◆ EXERCISE PROMPT ◆
Using the data below, gather each line that includes the word "Picture".

◆ RECORDS ◆
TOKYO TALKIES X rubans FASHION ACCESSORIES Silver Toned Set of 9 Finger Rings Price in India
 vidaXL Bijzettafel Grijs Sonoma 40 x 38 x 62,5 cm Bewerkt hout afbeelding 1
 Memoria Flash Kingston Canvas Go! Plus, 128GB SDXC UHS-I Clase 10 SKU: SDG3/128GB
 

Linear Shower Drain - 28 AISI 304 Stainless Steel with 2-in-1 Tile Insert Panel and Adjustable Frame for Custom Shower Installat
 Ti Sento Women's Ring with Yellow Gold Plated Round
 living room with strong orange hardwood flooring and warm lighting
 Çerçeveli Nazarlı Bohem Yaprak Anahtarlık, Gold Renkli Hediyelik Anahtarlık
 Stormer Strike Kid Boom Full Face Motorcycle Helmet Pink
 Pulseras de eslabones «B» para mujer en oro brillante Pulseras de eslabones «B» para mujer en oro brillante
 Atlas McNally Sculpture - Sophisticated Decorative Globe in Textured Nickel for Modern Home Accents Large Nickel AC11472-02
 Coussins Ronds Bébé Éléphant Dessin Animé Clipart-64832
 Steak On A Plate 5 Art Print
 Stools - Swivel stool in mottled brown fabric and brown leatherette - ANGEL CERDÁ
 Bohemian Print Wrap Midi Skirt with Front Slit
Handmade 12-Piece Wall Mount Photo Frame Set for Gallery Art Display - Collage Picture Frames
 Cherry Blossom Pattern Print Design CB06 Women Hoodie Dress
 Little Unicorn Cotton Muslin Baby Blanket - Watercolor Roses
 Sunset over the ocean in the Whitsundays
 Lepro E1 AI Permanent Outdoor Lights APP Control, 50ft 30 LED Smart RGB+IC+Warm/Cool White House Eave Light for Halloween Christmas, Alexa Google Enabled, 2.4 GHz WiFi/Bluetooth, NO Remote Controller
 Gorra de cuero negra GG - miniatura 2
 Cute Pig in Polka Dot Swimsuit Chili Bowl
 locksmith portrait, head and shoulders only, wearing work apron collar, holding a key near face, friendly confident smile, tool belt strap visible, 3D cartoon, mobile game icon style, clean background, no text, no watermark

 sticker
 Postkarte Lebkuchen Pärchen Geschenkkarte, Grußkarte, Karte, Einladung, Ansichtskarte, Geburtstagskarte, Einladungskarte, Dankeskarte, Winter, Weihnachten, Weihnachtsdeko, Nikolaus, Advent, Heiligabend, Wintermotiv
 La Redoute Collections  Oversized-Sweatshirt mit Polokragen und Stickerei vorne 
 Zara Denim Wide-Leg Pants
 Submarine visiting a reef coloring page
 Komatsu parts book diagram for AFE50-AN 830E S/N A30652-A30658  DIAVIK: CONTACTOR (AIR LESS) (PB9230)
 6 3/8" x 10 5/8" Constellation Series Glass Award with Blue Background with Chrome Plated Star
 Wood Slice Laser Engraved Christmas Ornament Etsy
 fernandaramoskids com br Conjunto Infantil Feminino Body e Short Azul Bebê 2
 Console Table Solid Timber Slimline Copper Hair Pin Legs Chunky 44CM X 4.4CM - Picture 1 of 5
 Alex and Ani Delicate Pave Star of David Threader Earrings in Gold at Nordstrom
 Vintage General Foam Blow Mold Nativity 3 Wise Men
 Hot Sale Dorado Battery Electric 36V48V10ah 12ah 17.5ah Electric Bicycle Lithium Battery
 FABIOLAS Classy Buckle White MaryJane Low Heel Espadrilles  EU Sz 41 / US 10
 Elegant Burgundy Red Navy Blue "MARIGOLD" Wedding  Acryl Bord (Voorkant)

◆ REPLY ◆
Handmade 12-Piece Wall Mount Photo Frame Set for Gallery Art Display - Collage Picture Frames
 Console Table Solid Timber Slimline Copper Hair Pin Legs Chunky 44CM X 4.4CM - Picture 1 of 5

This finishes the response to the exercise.